DICTA
June 8, 2012 § 4 Comments
- America’s worst colleges.
- Recipe for disaster = Law degree + $150,000 in debt + no job.
- Just a bit of info: there are 10,729 members of the Mississippi Bar, of whom 8,764 are in active practice. There are 1,965 inactive members. On average that’s 106.87 lawyers per county, and one lawyer for every 339.9 people in the state. Of course, lawyers are not evenly distributed among all of the counties (e.g., there are only 5 active attorneys in Clarke County), and the numbers do include members of the Mississippi Bar practicing in other states.
- Should victims in the Sandusky molestation trial be required to disclose their full names on the record? The judge ruled that they must in the Pennsylvania trial.
- Two things I learned growing up: it’s impolite to wear a hat indoors, and never chew gum in church or in a formal setting like a court room. My, how things change over the years. And don’t get me started about driving in the left lane on a 4-lane highway.
- The entire text of Fred Rodell’s then-scathing 1939 assessment of the legal profession, Woe Unto You, Lawyers! is available for you to read or download. It’s quaint in some ways, but scary-true in others.
- Jed Perl reflects on Picasso’s Struggle to Reconcile Feeling and Form, with some thoughts about how the artist whom many revere as the iconoclast of realism might have viewed the work of that supreme realist, Rembrandt.

http://www.bizjournals.com/boston/blog/bottom_line/2012/05/how-tough-is-the-legal-job-market-bc.html?page=all
This article reaffirms the state of the legal market.
Minimum wage. Ouch.
Still, I am confident that a newly-hatched lawyer could open a solo practice in a middle-sized Mississippi town and make a decent living practicing people law. Not get rich, mind you. But make a decent living and enjoy community involvement, hunting, fishing, etc.
Now, whether one could cpmfortably service student loan debt on that kind of living is beyond my experience level.
That article on law school debt might be the single most depressing thing I’ve ever read. I’d like to think that I’m going to find a job next year after I graduate, but the thought of what happens if I can’t makes me constantly question my decision to go to law school. I sure hope it was worth it.

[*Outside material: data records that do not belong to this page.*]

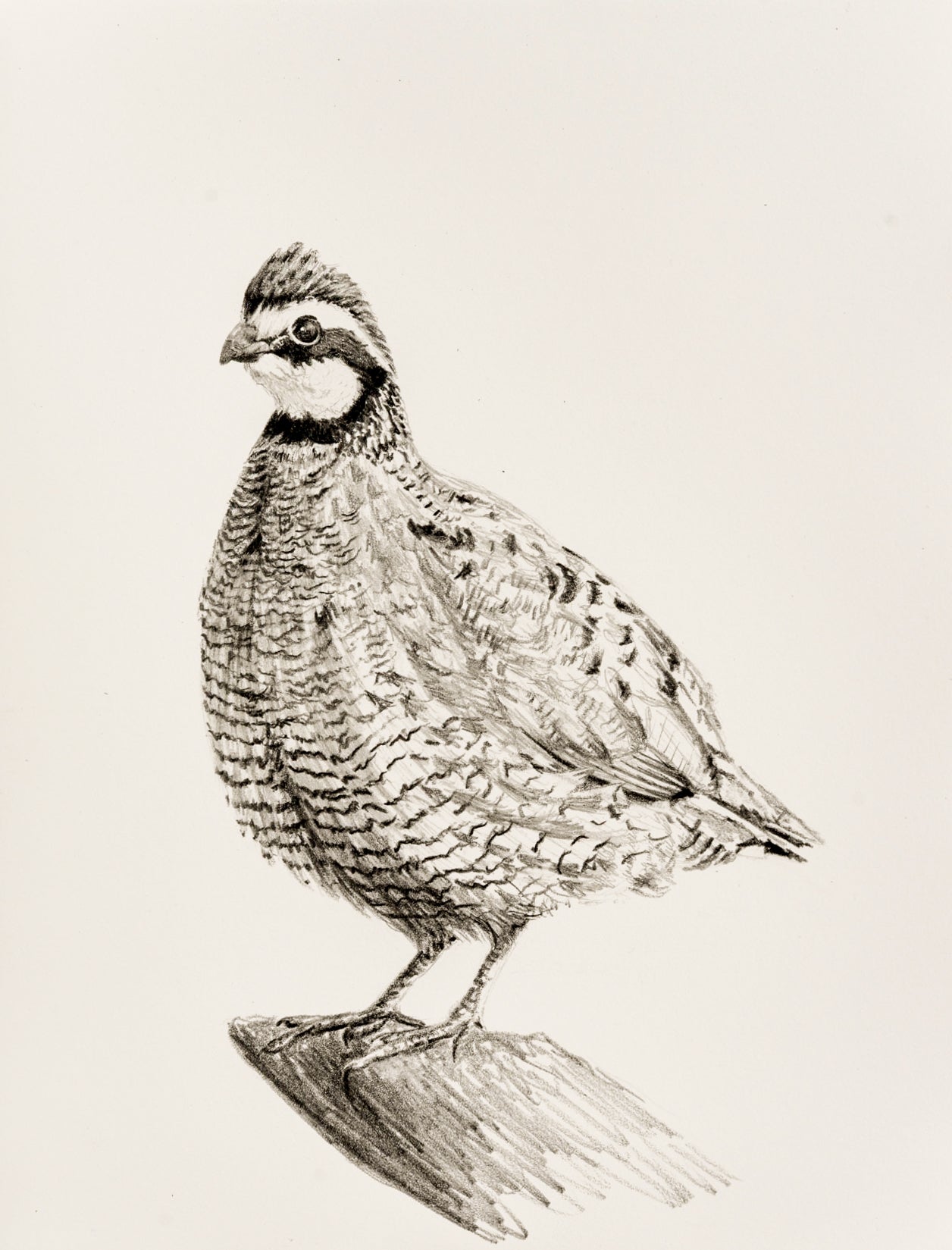 "Quail Study"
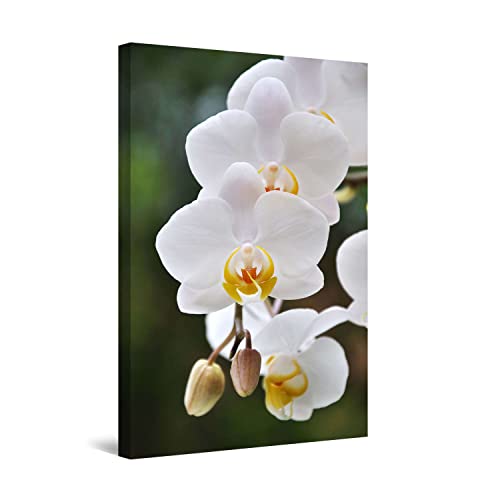 White Yellow Flower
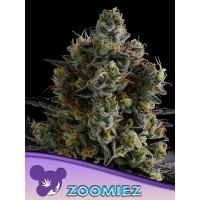 Anesia Seeds-Zoomiez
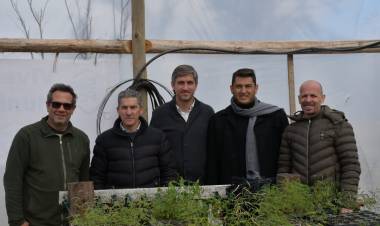 Pulmón verde, reforestación y crecimiento del vivero municipal los próximos pasos 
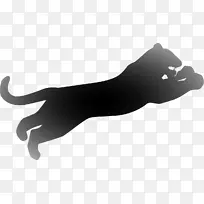黑猫狗豹犬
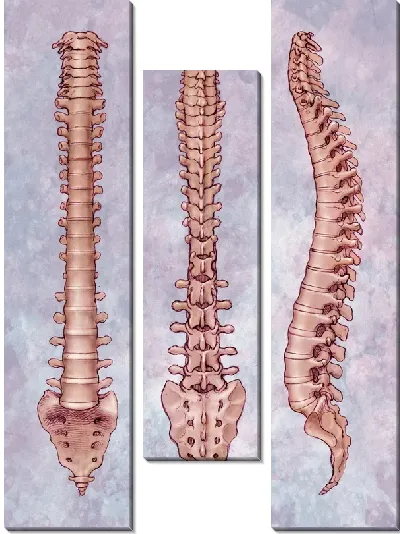 Модульная картина Позвоночник (Spine) №2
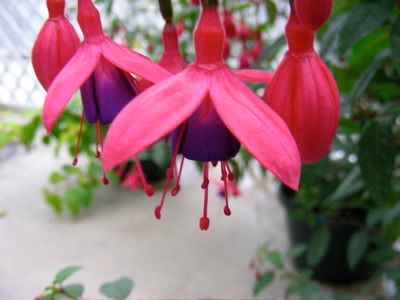 fuschia Pictures, Images and Photos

Ben … when I graduated in December, 1973, the country was throttled by an economic contraction that was shortly followed by the Arab oil embargo that caused massive fuel shortages. I had to drive to Knoxville to take a bar review course for the Tennessee bar, and I did not even know whether I could find enough gas to make it that far. After passing the bar, I found that no one was hiring, so I took a low-paying job with a small firm until I could find something better.
I suspect the scenario above is what faces many law grads now. The big difference is that tuition was so much lower back in my era, and with the help of family I graduated with no debt. That is impossible for 99.9% of students today.
Times are tough in most fields, and it’s law’s turn in particular right now. I wish you and your fellow law students the best. I still feel that there are opportunities for small-town practice in Mississippi in people-law.